The records below must be copied in full; omit the images.

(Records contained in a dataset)
[Start of section]
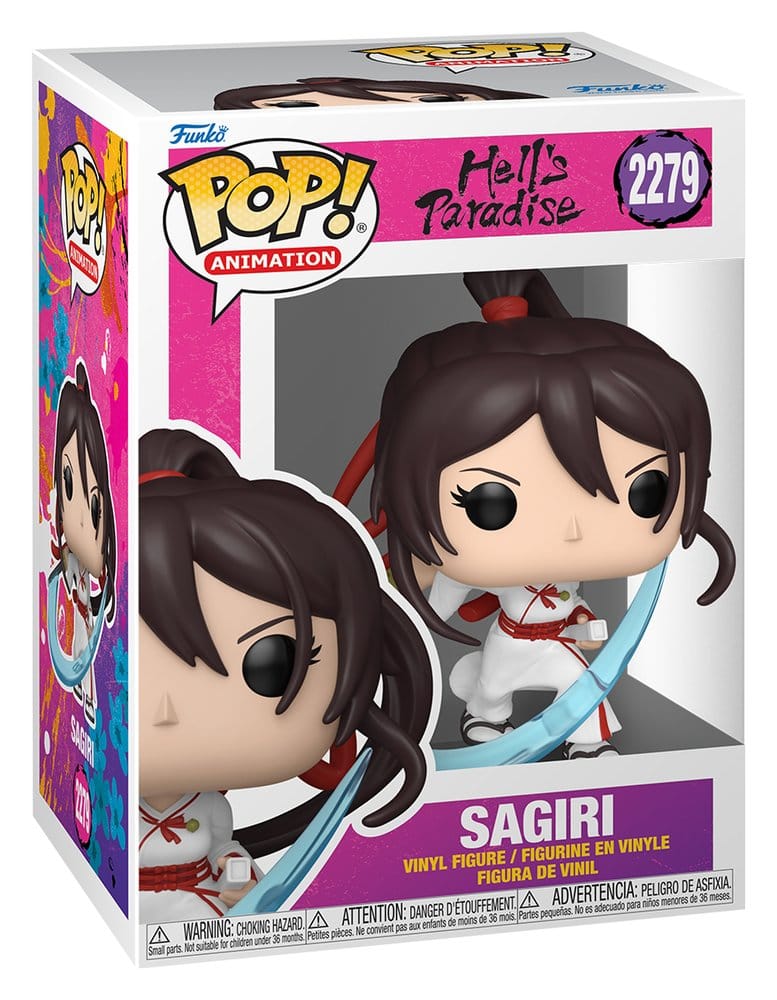POP! Hell's Paradise: Jigokuraku - Sagiri 2279
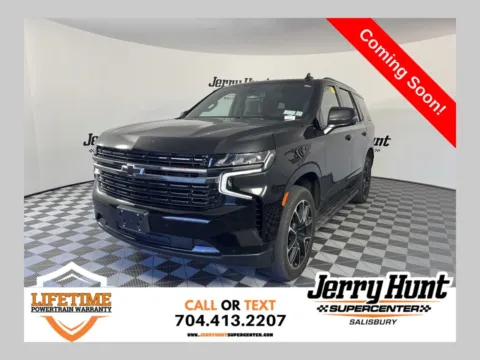 Black 2022 Chevrolet Tahoe RST for sale in Salisbury, NC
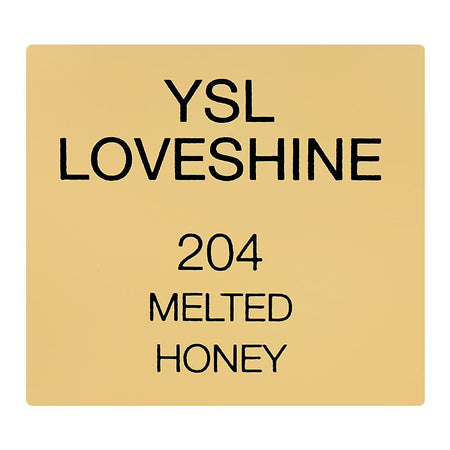 Yves Saint Laurent Love Shine High-Shine Caring Lipstick, 204 Melted Honey, 3.2g - Image 5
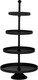 Миниатюра изображения товара Ваза-этажерка Eglo Babirik 427648 (алюминий/черный)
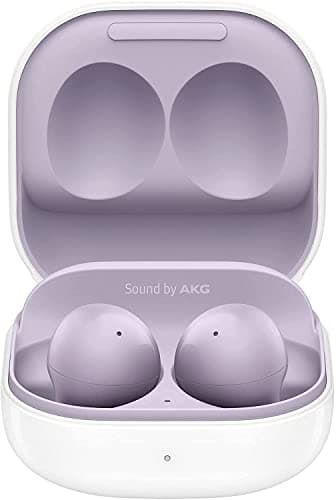 Samsung Galaxy Buds2 True Wireless Noise Cancelling Bluetooth Earbuds - Lavender (Renewed)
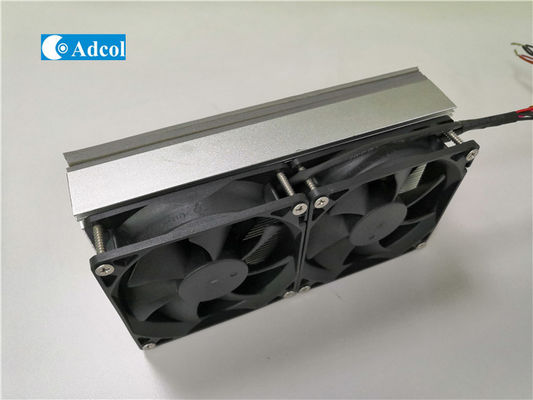 75W 24V DC Peltier برنامج تبريد لوحة التبريد الحراري الكهربائي لوحة تبريد
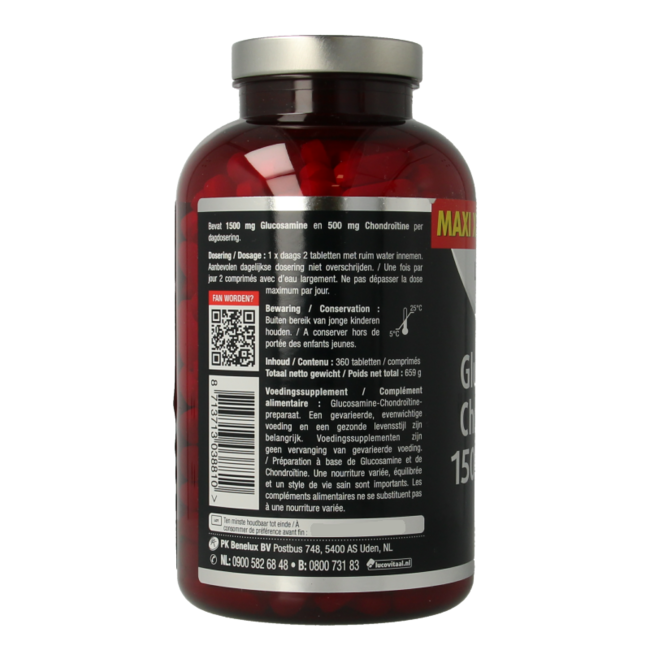 Lucovitaal Glucosamina Condroitina barattolo 360 Compresse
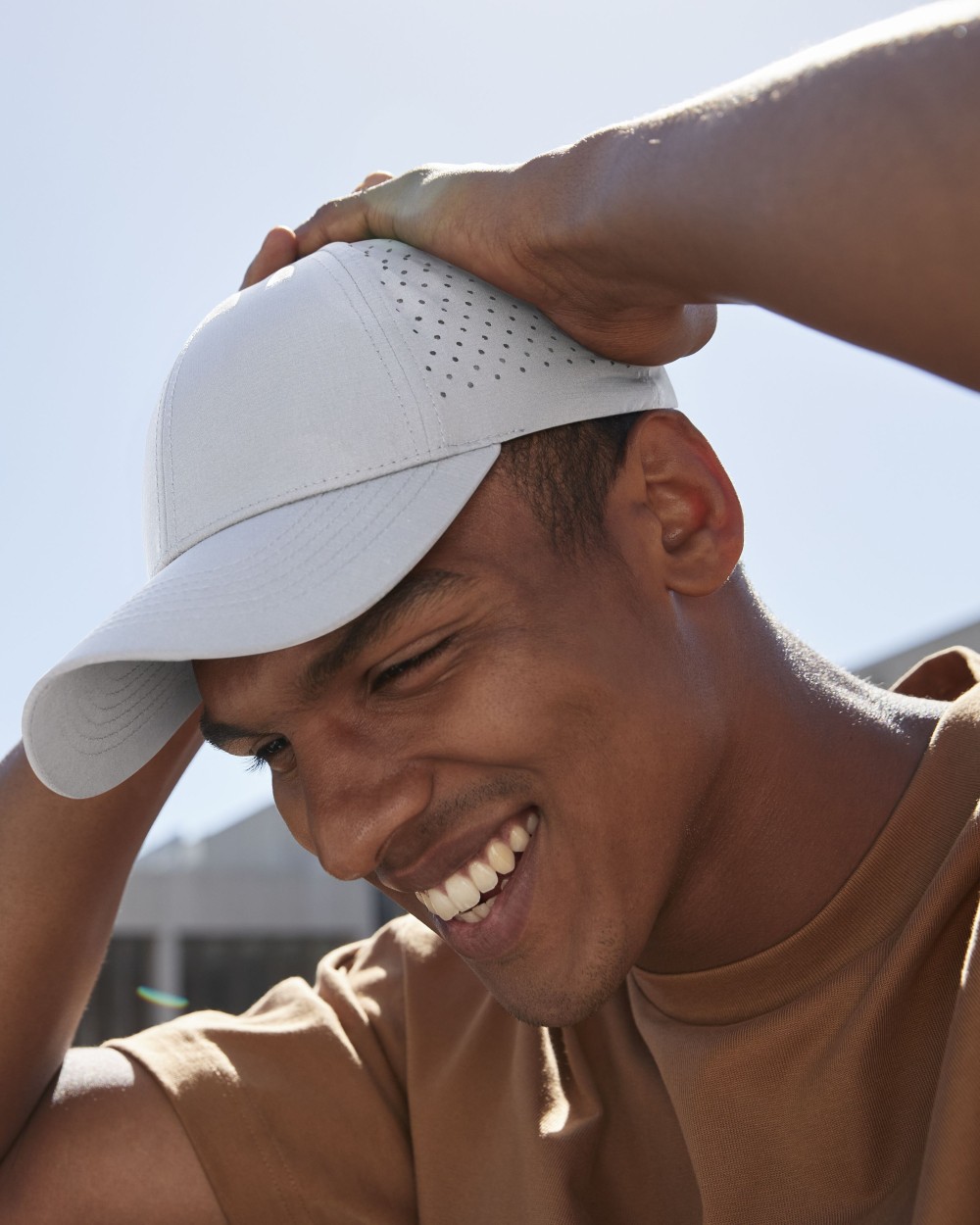 Petjes BEECHFIELD LASER PERFORMANCE TRUCKER voor bedrukking &amp; borduring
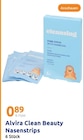 Action Hermsdorf - Clean Beauty Nasenstrips Angebot im Prospekt Clean Beauty Nasenstrips bei Action im Hermsdorf Prospekt für 0,89 €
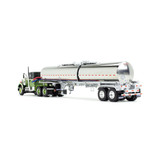 60-1640: Dark Green/Olive
White Western Star 4900 with 36" Vintage Sleeper & Brenner Chemical Tank Trailer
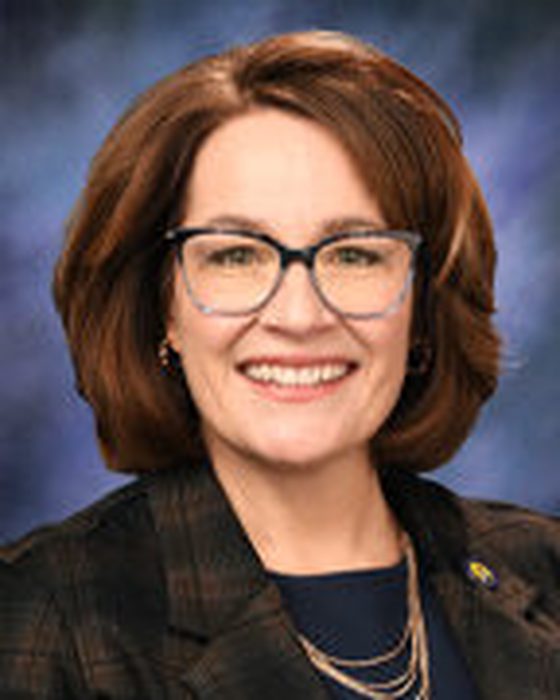 Portrait of Meg Loughran Cappel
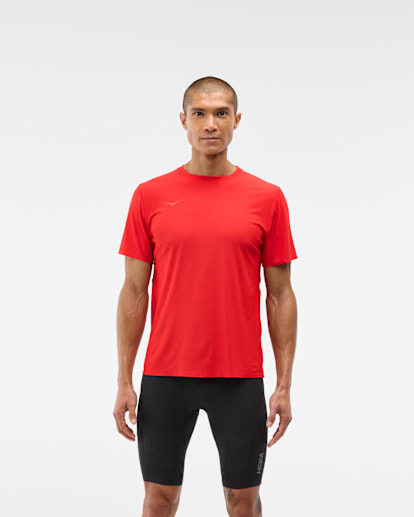 HOKA ® Airolite Short Sleeve 2.0 for Men | HOKA ®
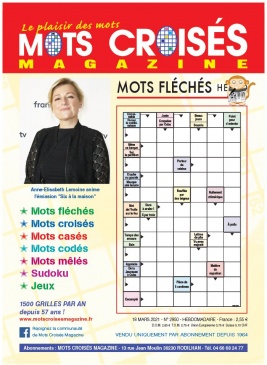 Mots croisés Magazine N°2950 du 18 mars 2021 à télécharger sur iPad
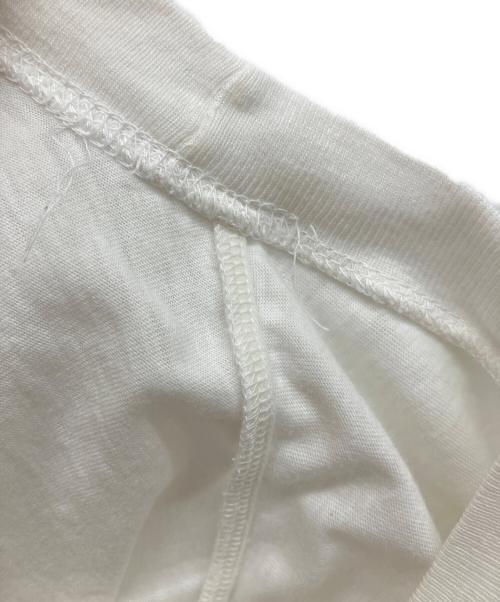 -（-）- (-) ヴィンテージプリントTシャツ ホワイト サイズ:-の古着・服飾アイテム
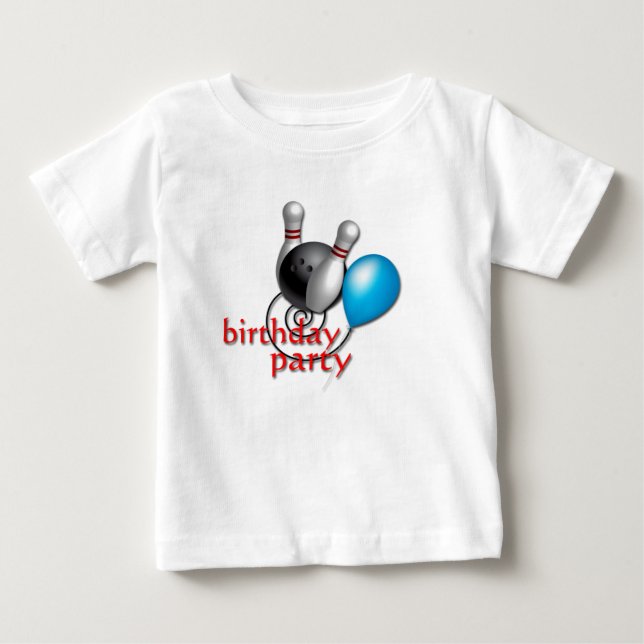 Custom Bowling t-shirts gifts (Front)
[End of section]
• [ANSWER FOR THE TASK]
POP! Hell's Paradise: Jigokuraku - Sagiri 2279
 Black 2022 Chevrolet Tahoe RST for sale in Salisbury, NC
 Yves Saint Laurent Love Shine High-Shine Caring Lipstick, 204 Melted Honey, 3.2g - Image 5
 Миниатюра изображения товара Ваза-этажерка Eglo Babirik 427648 (алюминий/черный)
 Samsung Galaxy Buds2 True Wireless Noise Cancelling Bluetooth Earbuds - Lavender (Renewed)
 75W 24V DC Peltier برنامج تبريد لوحة التبريد الحراري الكهربائي لوحة تبريد
 Lucovitaal Glucosamina Condroitina barattolo 360 Compresse
 Petjes BEECHFIELD LASER PERFORMANCE TRUCKER voor bedrukking &amp; borduring
 Action Hermsdorf - Clean Beauty Nasenstrips Angebot im Prospekt Clean Beauty Nasenstrips bei Action im Hermsdorf Prospekt für 0,89 €
 60-1640: Dark Green/Olive
White Western Star 4900 with 36" Vintage Sleeper & Brenner Chemical Tank Trailer
 Portrait of Meg Loughran Cappel
 HOKA ® Airolite Short Sleeve 2.0 for Men | HOKA ®
 Mots croisés Magazine N°2950 du 18 mars 2021 à télécharger sur iPad
 -（-）- (-) ヴィンテージプリントTシャツ ホワイト サイズ:-の古着・服飾アイテム
 Custom Bowling t-shirts gifts (Front)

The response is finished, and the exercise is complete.